▸ EXERCISE GOAL
A faithful copy of every entry is the goal; keep the images out of it.

Crawled caption data
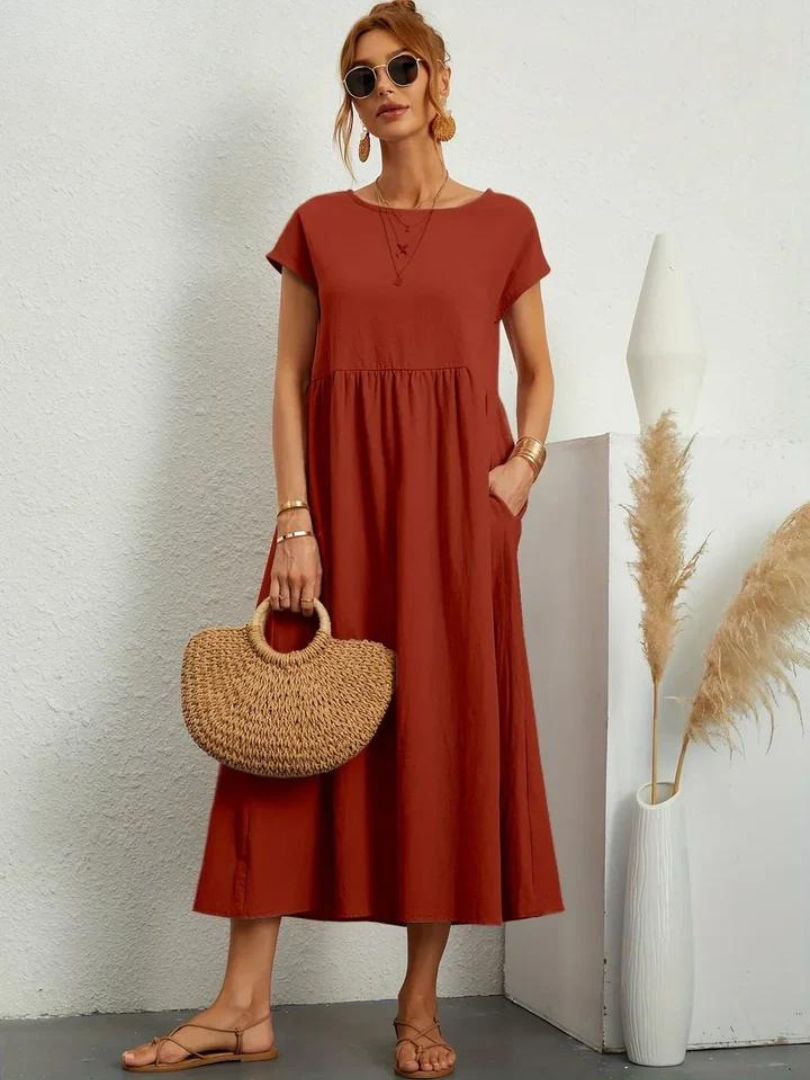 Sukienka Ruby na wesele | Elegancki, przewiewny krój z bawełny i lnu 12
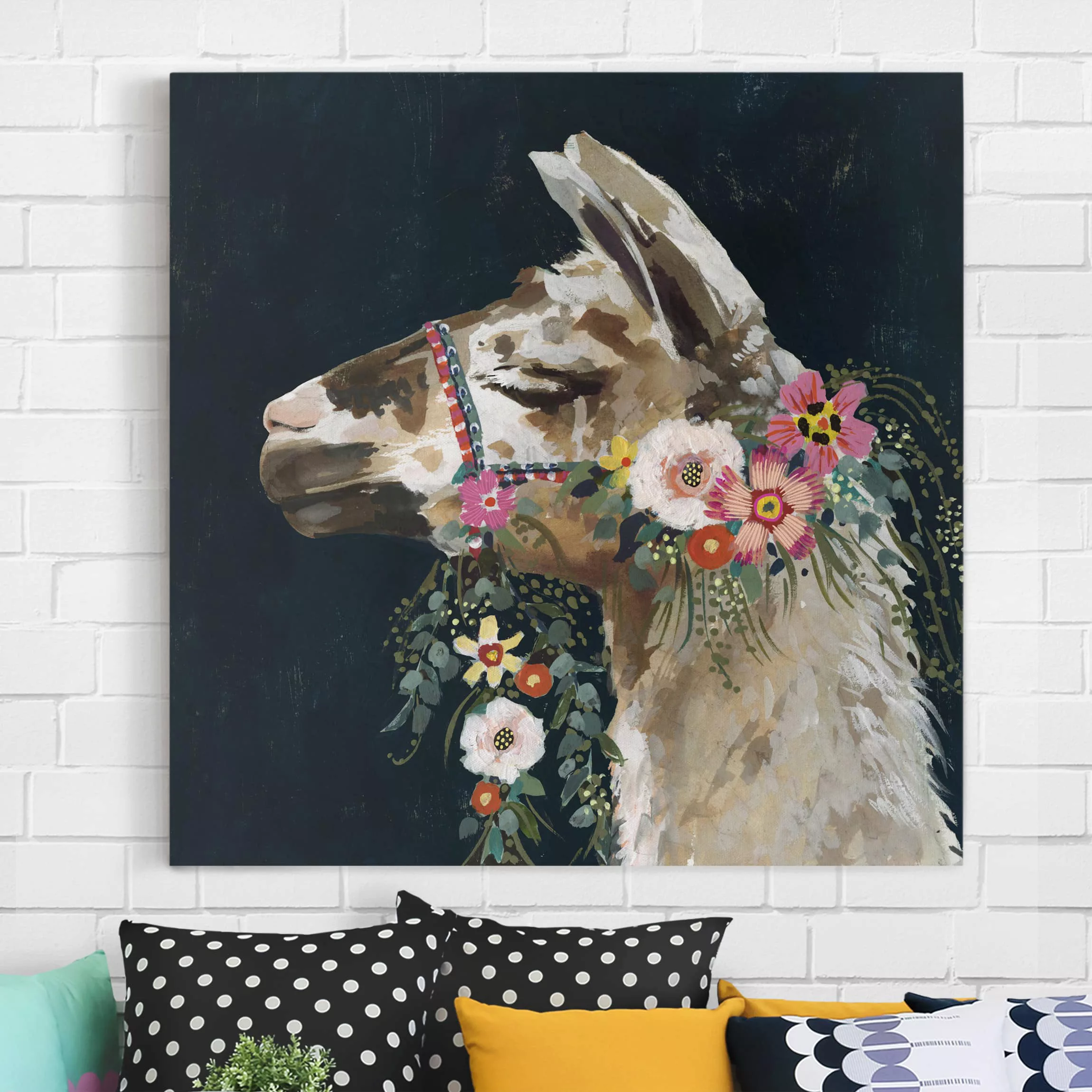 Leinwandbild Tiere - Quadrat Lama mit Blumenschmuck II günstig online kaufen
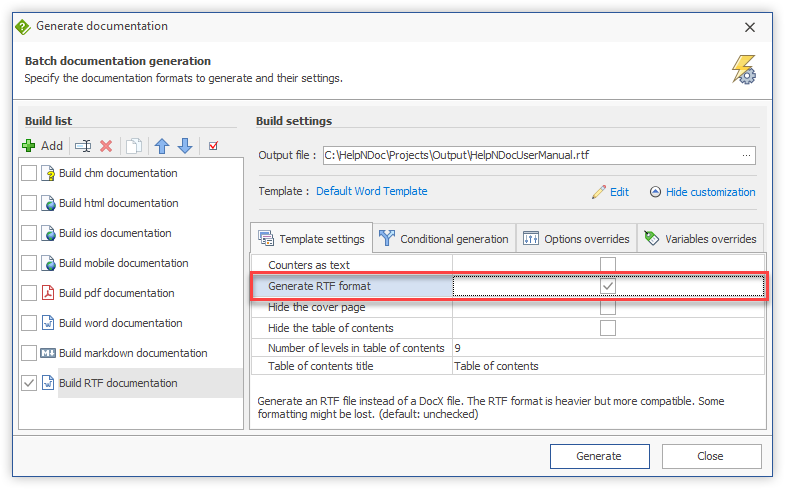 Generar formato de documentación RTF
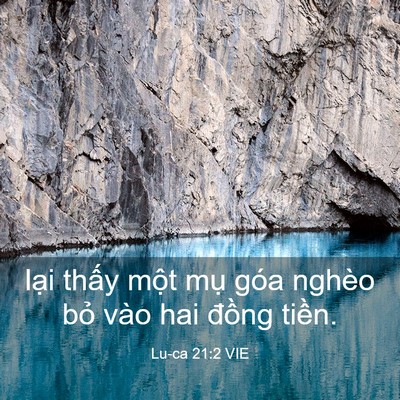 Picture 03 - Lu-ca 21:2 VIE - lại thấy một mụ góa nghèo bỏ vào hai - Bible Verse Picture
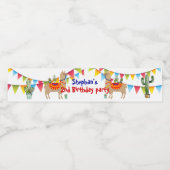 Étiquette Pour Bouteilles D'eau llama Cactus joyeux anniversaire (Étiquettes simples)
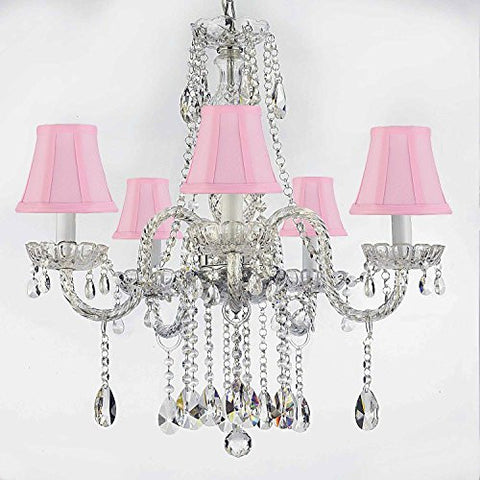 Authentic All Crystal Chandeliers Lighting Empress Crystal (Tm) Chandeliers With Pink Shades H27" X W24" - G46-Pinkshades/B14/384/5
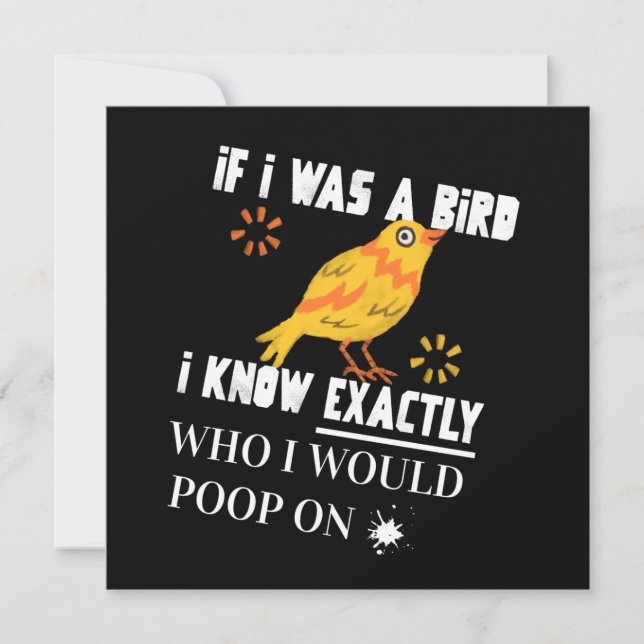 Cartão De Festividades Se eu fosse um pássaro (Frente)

▸ ANSWER FOR THIS EXERCISE
 Sukienka Ruby na wesele | Elegancki, przewiewny krój z bawełny i lnu 12
 Leinwandbild Tiere - Quadrat Lama mit Blumenschmuck II günstig online kaufen
 Generar formato de documentación RTF
 Picture 03 - Lu-ca 21:2 VIE - lại thấy một mụ góa nghèo bỏ vào hai - Bible Verse Picture
 Étiquette Pour Bouteilles D'eau llama Cactus joyeux anniversaire (Étiquettes simples)
 Authentic All Crystal Chandeliers Lighting Empress Crystal (Tm) Chandeliers With Pink Shades H27" X W24" - G46-Pinkshades/B14/384/5
 Cartão De Festividades Se eu fosse um pássaro (Frente)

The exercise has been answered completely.